### Brief
Exactly the lines from the one containing "スウェットロングパンツ QMWNJG43 MGR オンライン価格" through the end of the data, and nothing more, should be retyped; pictures stay out.

### Input

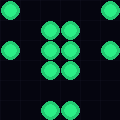 147.0.12.34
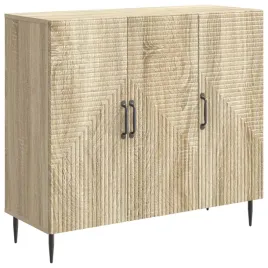 bufet-dab-sonoma-89-x-345-x-80-cm-drewno-inzynieryjne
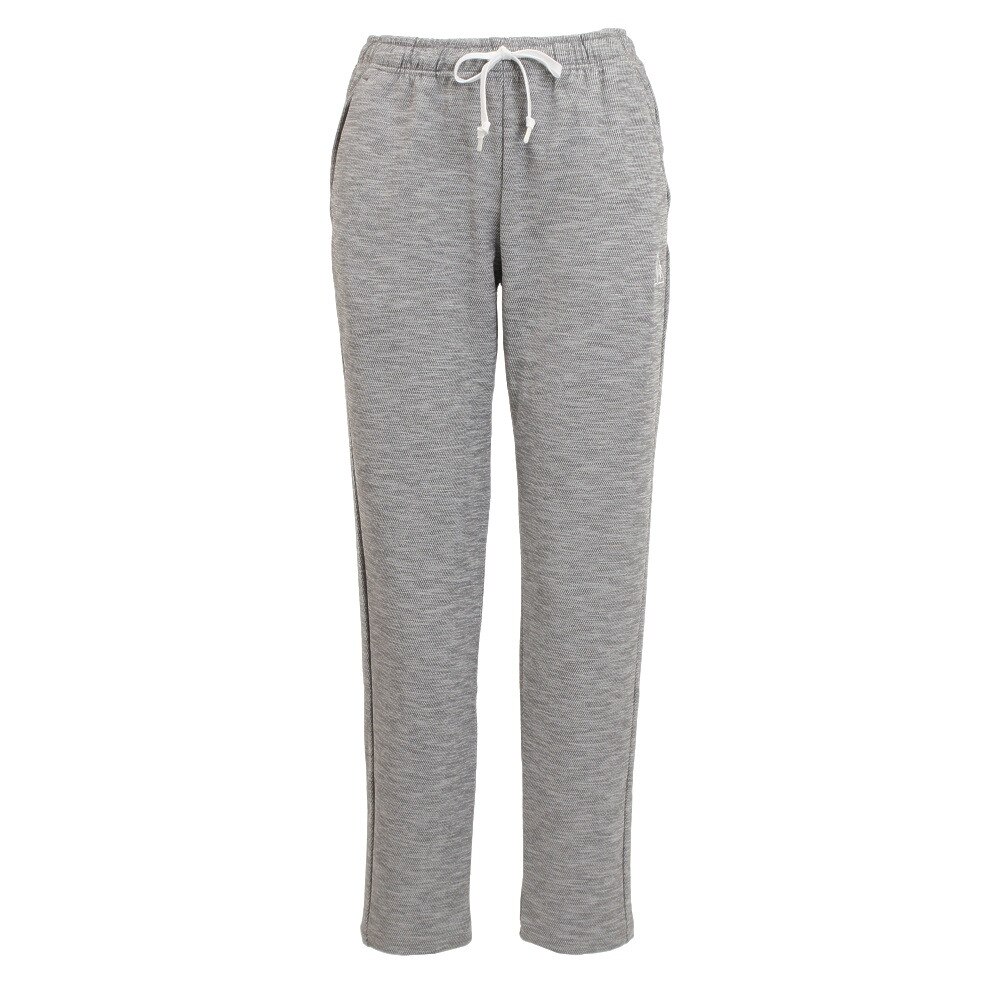  スウェットロングパンツ QMWNJG43 MGR オンライン価格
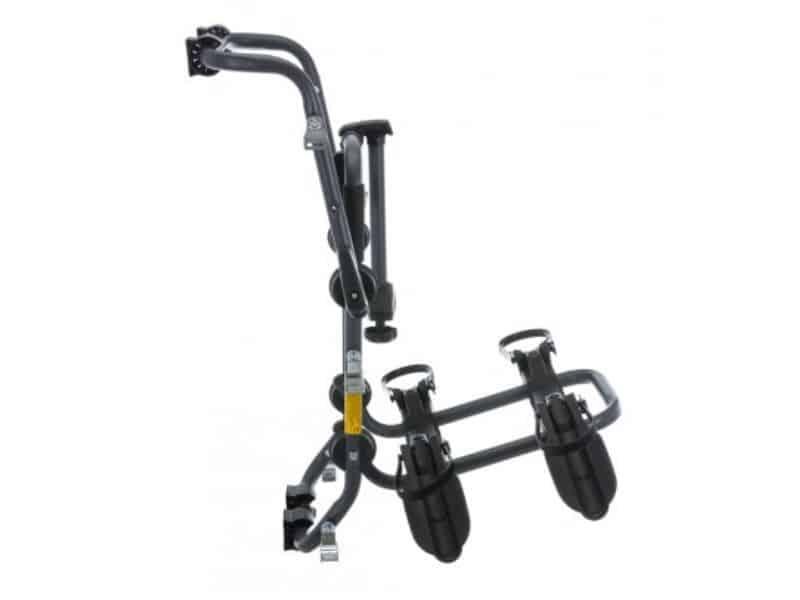 Peruzzo Pure Instinct 2 Fietsendrager Kofferbak 7/7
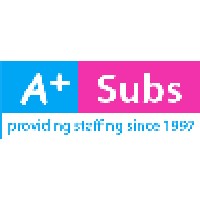 A Plus Subs logo - Similar company to A Plus Quality Inc.
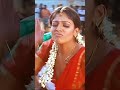 Nayanzz Shaking Boobs Nayanthara Actresslife Tamilactress Kannadaactress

### Reply
  スウェットロングパンツ QMWNJG43 MGR オンライン価格
 Peruzzo Pure Instinct 2 Fietsendrager Kofferbak 7/7
 A Plus Subs logo - Similar company to A Plus Quality Inc.
 Nayanzz Shaking Boobs Nayanthara Actresslife Tamilactress Kannadaactress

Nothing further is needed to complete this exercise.